[[ Provided information, beginning ]]
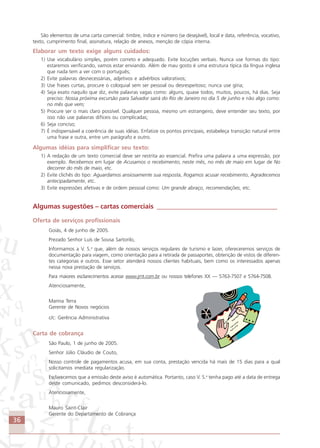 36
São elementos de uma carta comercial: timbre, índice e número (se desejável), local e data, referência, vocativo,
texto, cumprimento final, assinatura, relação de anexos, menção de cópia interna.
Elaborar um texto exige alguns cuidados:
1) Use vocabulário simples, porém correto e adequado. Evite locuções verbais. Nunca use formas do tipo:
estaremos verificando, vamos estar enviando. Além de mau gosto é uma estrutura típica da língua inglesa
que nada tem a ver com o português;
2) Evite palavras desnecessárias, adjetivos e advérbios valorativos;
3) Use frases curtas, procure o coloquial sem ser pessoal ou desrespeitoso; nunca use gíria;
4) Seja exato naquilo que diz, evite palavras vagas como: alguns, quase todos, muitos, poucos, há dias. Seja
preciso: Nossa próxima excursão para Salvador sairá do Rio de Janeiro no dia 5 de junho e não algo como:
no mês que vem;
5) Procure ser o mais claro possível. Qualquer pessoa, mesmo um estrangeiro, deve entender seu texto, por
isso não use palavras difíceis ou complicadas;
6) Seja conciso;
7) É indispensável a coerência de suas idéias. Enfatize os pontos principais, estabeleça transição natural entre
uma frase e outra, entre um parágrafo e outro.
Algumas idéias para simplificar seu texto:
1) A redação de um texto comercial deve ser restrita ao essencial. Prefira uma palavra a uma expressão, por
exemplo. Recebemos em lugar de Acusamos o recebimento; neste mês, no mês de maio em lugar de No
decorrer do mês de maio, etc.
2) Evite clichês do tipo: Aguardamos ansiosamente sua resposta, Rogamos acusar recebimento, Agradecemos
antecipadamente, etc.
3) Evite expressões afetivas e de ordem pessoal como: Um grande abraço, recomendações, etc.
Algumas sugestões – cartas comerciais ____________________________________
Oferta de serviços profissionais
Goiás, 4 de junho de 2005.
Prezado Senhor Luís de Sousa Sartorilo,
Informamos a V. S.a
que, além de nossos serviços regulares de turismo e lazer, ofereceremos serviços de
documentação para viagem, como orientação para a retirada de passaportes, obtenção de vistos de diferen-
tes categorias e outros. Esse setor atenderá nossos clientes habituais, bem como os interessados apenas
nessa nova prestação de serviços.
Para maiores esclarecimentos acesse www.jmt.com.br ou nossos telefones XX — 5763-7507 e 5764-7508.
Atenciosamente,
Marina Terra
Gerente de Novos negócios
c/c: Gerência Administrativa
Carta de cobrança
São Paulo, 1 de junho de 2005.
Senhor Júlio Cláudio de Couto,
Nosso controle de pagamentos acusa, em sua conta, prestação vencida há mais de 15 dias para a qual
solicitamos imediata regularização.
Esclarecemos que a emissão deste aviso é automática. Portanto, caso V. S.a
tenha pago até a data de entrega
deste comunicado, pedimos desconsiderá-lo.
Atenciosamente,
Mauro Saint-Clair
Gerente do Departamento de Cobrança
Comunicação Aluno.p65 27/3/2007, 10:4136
[[ Provided information, end ]]
[[ Provided information, beginning ]]
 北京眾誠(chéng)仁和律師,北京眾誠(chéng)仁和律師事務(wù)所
[[ Provided information, end ]]
Would you filter the records and copy out each line containing "deste"?

__Result__.
Esclarecemos que a emissão deste aviso é automática. Portanto, caso V. S.a
deste comunicado, pedimos desconsiderá-lo.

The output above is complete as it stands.